Adaptive Retrieval and Scalable Indexing for k-NN Search with Cross-Encoders

Cross-encoder (CE) models which compute similarity by jointly encoding a query-item pair perform better than embedding-based models (dual-encoders) at estimating query-item relevance. Existing approaches perform k-NN search with CE by approximating the CE similarity with a vector embedding space fit either with dual-encoders (DE) or CUR matrix factorization. DE-based retrieve-and-rerank approaches suffer from poor recall on new domains and the retrieval with DE is decoupled from the CE. While CUR-based approaches can be more accurate than the DE-based approach, they require a prohibitively large number of CE calls to compute item embeddings, thus making it impractical for deployment at scale. In this paper, we address these shortcomings with our proposed sparse-matrix factorization based method that efficiently computes latent query and item embeddings to approximate CE scores and performs k-NN search with the approximate CE similarity. We compute item embeddings offline by factorizing a sparse matrix containing query-item CE scores for a set of train queries. Our method produces a high-quality approximation while requiring only a fraction of CE calls as compared to CUR-based methods, and allows for leveraging DE to initialize the embedding space while avoiding compute- and resource-intensive finetuning of DE via distillation. At test time, the item embeddings remain fixed and retrieval occurs over rounds, alternating between a) estimating the test query embedding by minimizing error in approximating CE scores of items retrieved thus far, and b) using the updated test query embedding for retrieving more items. Our k-NN search method improves recall by up to 5% (k=1) and 54% (k=100) over DE-based approaches. Additionally, our indexing approach achieves a speedup of up to 100x over CUR-based and 5x over DE distillation methods, while matching or improving k-NN search recall over baselines.

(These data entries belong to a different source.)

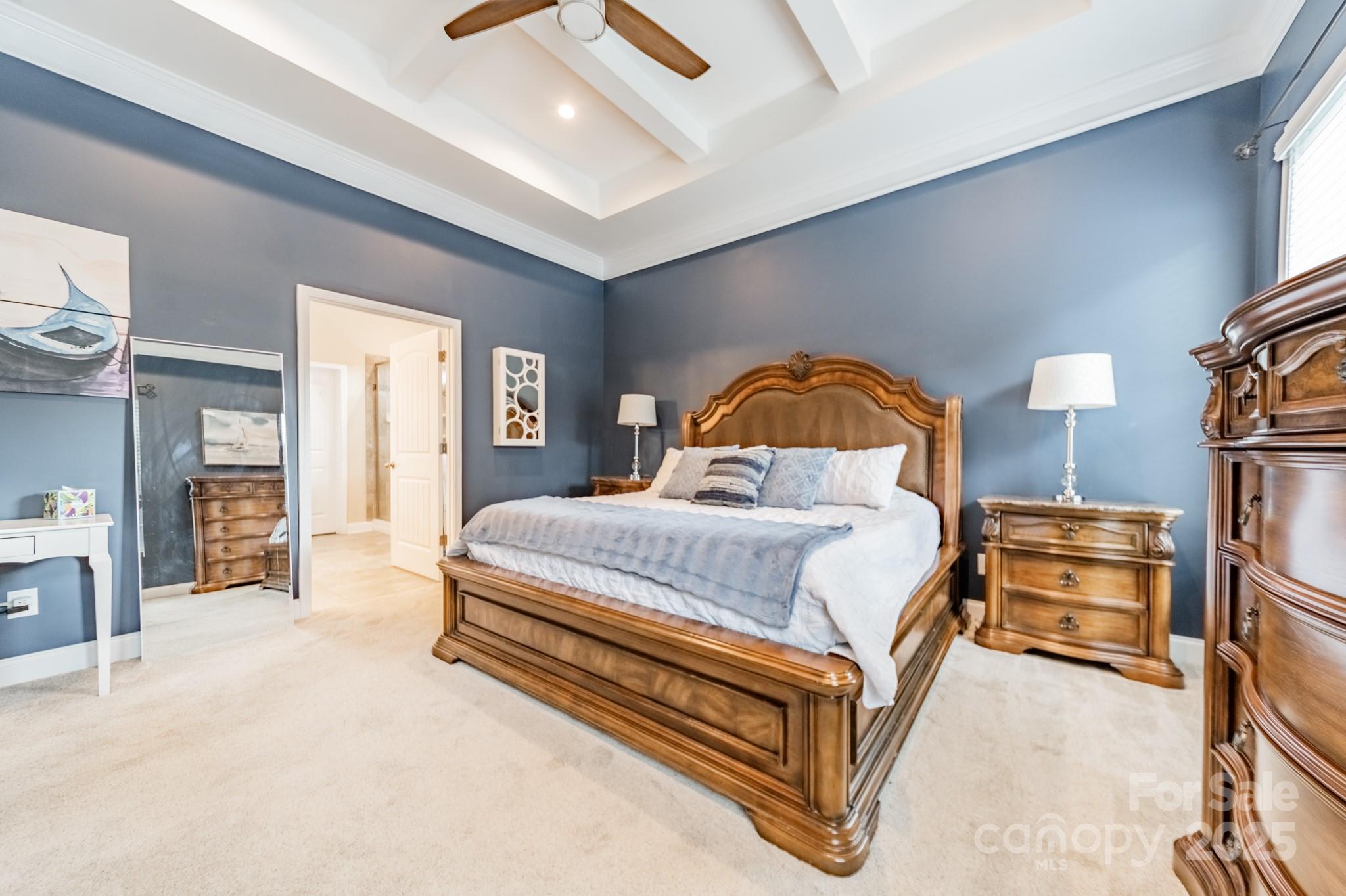 3419 Streamside Drive, Unit 463 Davidson, NC 28036 - Photo 14 of 43 a bedroom with a bed and a chandelier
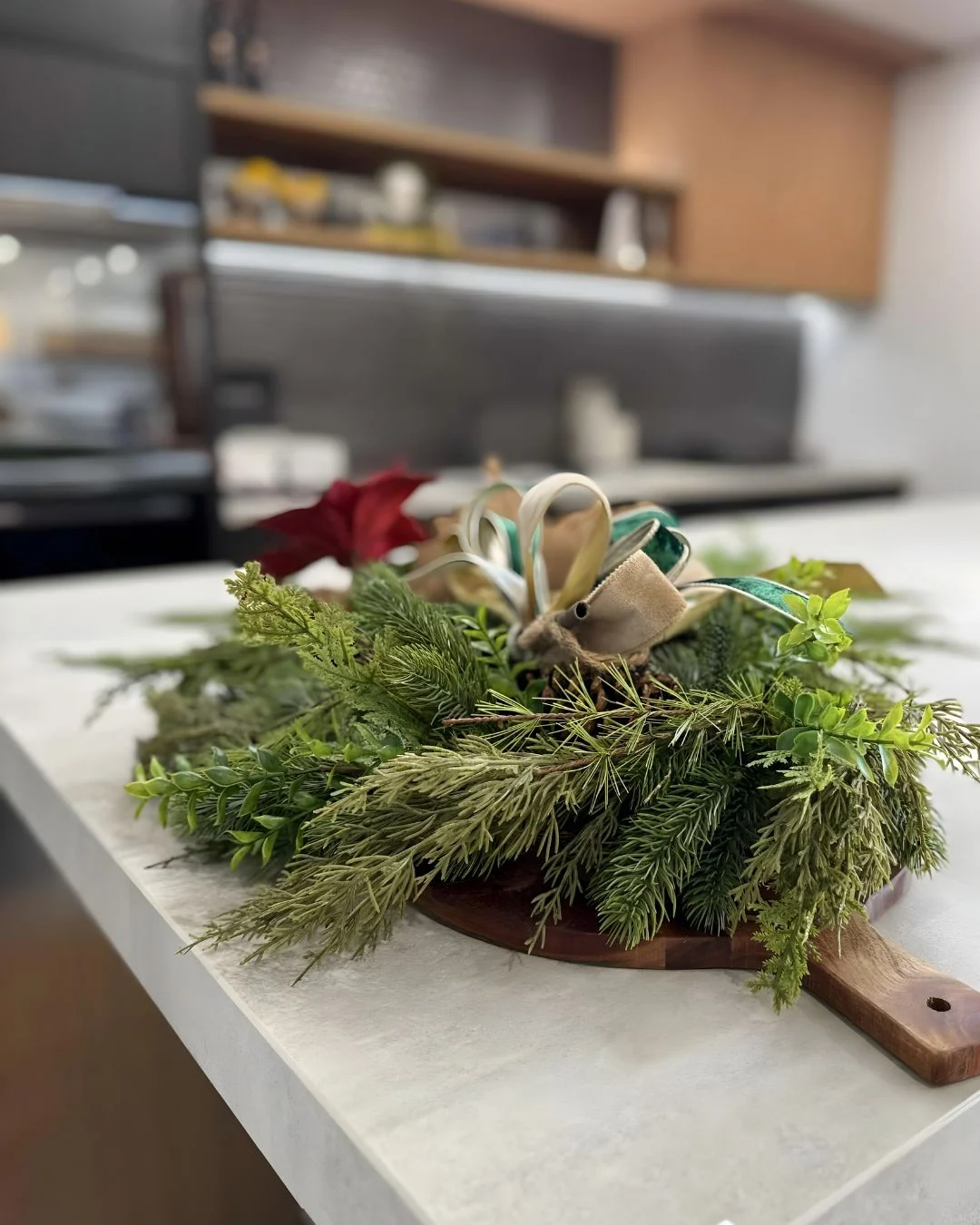 Styled kitchen island with a decorative Christmas wreath placed on the benchtop, adding a festive touch to the display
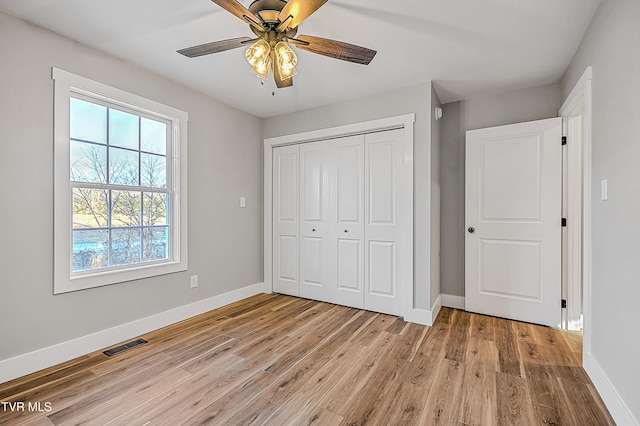 unfurnished bedroom featuring visible vents, baseboards, and multiple windows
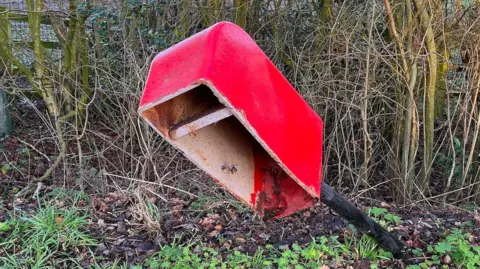 A view of a damage postbox. The pole that the box is on is at an angle and the front door of the postbox is missing.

翻译：交叉编码器（CE）模型通过联合编码查询-条目对来计算相似度，在评估查询-条目相关性方面优于基于嵌入的模型（双编码器）。现有方法通过使用双编码器（DE）或CUR矩阵分解拟合的向量嵌入空间近似CE相似度，实现基于CE的k近邻搜索。基于DE的检索-重排序方法在新领域上召回率较低，且DE的检索过程与CE解耦。尽管基于CUR的方法可能比基于DE的方法更准确，但需要数量过多的CE调用以计算条目嵌入，因此难以在大规模部署中实用化。本文针对上述不足，提出基于稀疏矩阵分解的方法，该方法可高效计算潜在查询和条目嵌入以近似CE分数，并基于近似CE相似度实现k近邻搜索。我们通过分解包含训练查询-条目CE分数的稀疏矩阵，离线计算条目嵌入。与基于CUR的方法相比，本方法仅需少量CE调用即可获得高质量近似，并允许利用DE初始化嵌入空间，同时避免通过蒸馏对DE进行高计算与资源消耗的微调。在测试阶段，条目嵌入保持固定，检索通过多轮交替进行：a) 通过最小化已检索条目CE分数近似的误差来估计测试查询嵌入，b) 利用更新后的测试查询嵌入检索更多条目。与基于DE的方法相比，本k近邻搜索方法在k=1时召回率提升最高达5%，在k=100时提升最高达54%。此外，本索引方法的速度较基于CUR的方法提升最高达100倍，较DE蒸馏方法提升最高达5倍，同时匹配或超越基线方法的k近邻搜索召回率。